The project is a partnership between the Plymouth City Council, local arts charity Effervescent, The Big Lottery Fund, Arts Council England and Plymouth University. The children and young people worked under the guidance and tutelage of professional artists.
I.AM.NOT.A.ROBOT was an immersive art installation consisting of 60 customised interactive robots, each representing an individual child in care. Visitors have been reading stories to the robots and donate hugs through interactive window technology, every hour they sing before they go off to sleep. In the gallery, ‘The bureau of fluff’ took over 100 applications from visitors to foster a robot and families have been uploading photos and uploading as part of a social media campaign. The young people wanted audiences to know that children in care are all individuals with different stories, hopes, dreams and needs. They all have very different reasons why they need a stable and safe care placement and that it is really important that there are enough foster parents in the system so that children can be placed with the right person or people for them, so that they can flourish, have exciting and inspiring experiences, and grow to their full potential.
The project also gave the children and young people the opportunity to develop skills in design, programming, marketing, creativity and arts and working within a team; develop confidence but also have fun; and engage with the service and promote the need to recruit foster carers to the wider community.

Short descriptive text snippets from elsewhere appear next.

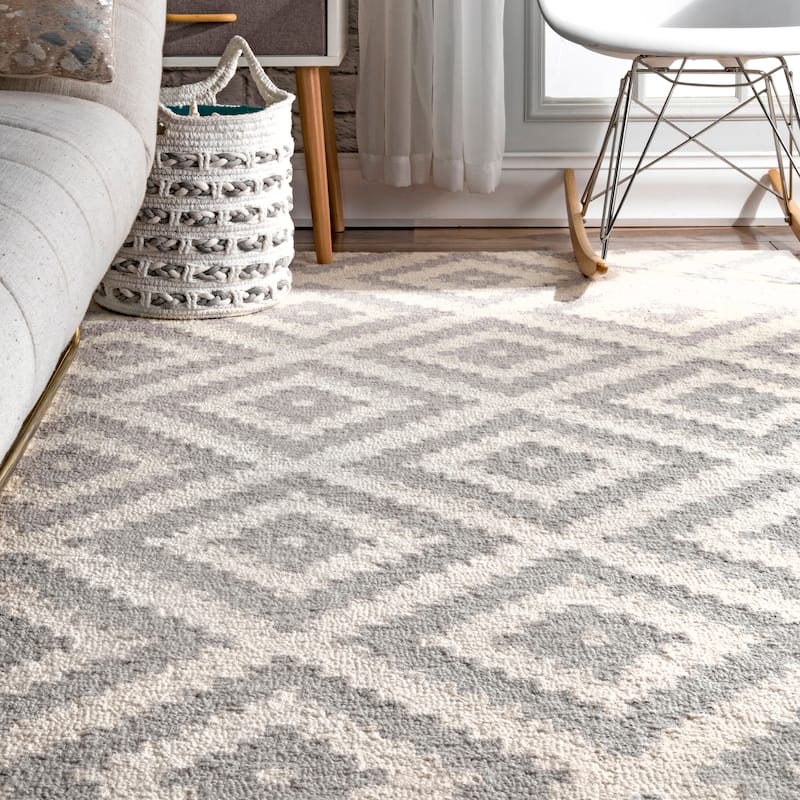 Nuloom Kellee Hand Tufted Geometric Wool Area Rug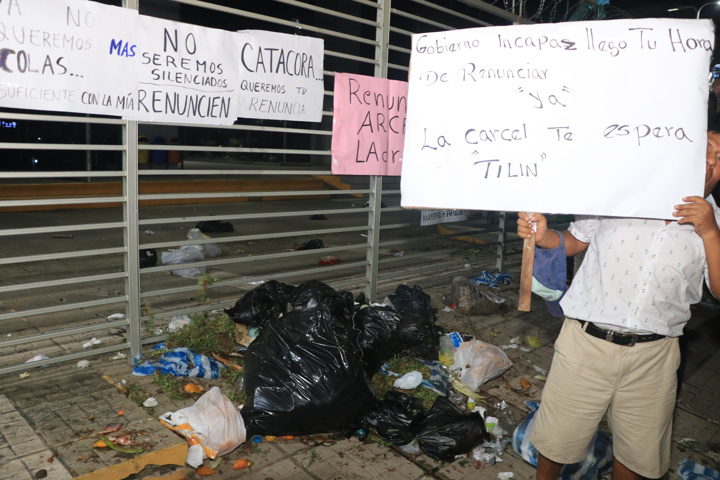 Arrojan basura a instalaciones de YPFB en Santa Cruz en protesta por la falta de combustible
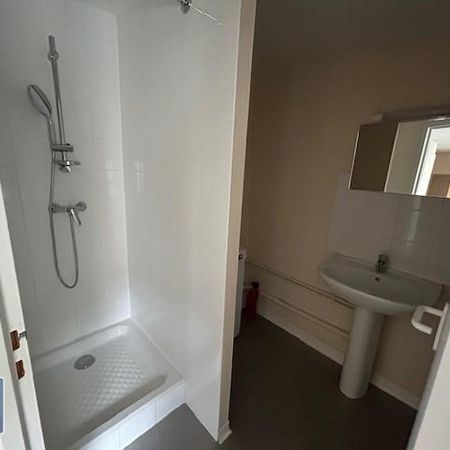 Location Appartement 1 pièce 23m² LEMPDES 63370 - Photo 3
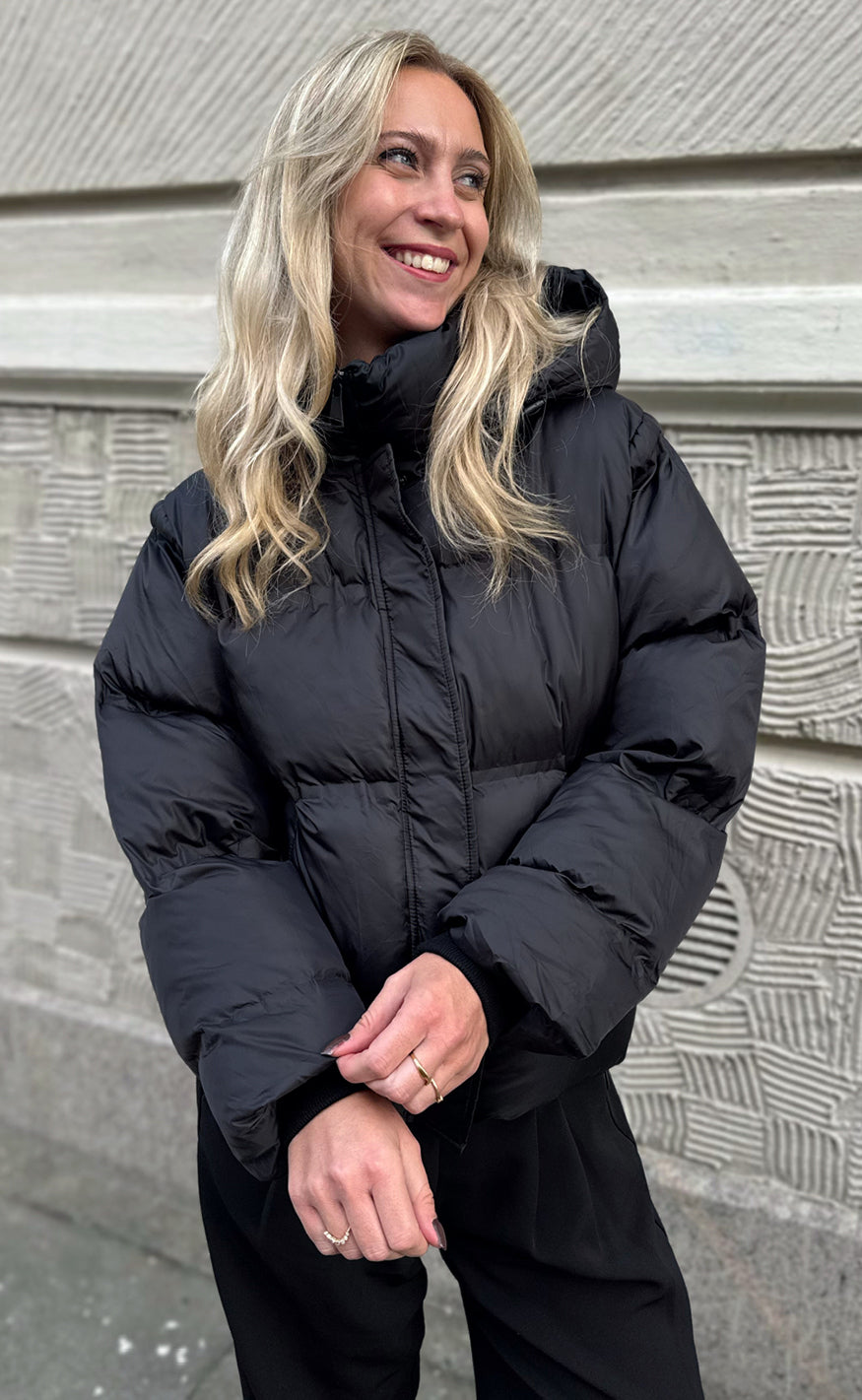 Say INA Copenhagen Jakke - Ella Puffer - Matte Black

Through the project the council promoted the service in an innovative way that resonates with a wider audience; worked with partners in finding new ways to grow the service and improve outcomes for children; promoted the service via engagement across multiple channels; promoted the idea that local people can get involved in the foster care community in different ways; and gave looked after children a platform to express themselves in a creative way.
The project opened to fantastic reviews as part of the Plymouth Art Weekender in September and continues to run at the Radiant Gallery, Plymouth.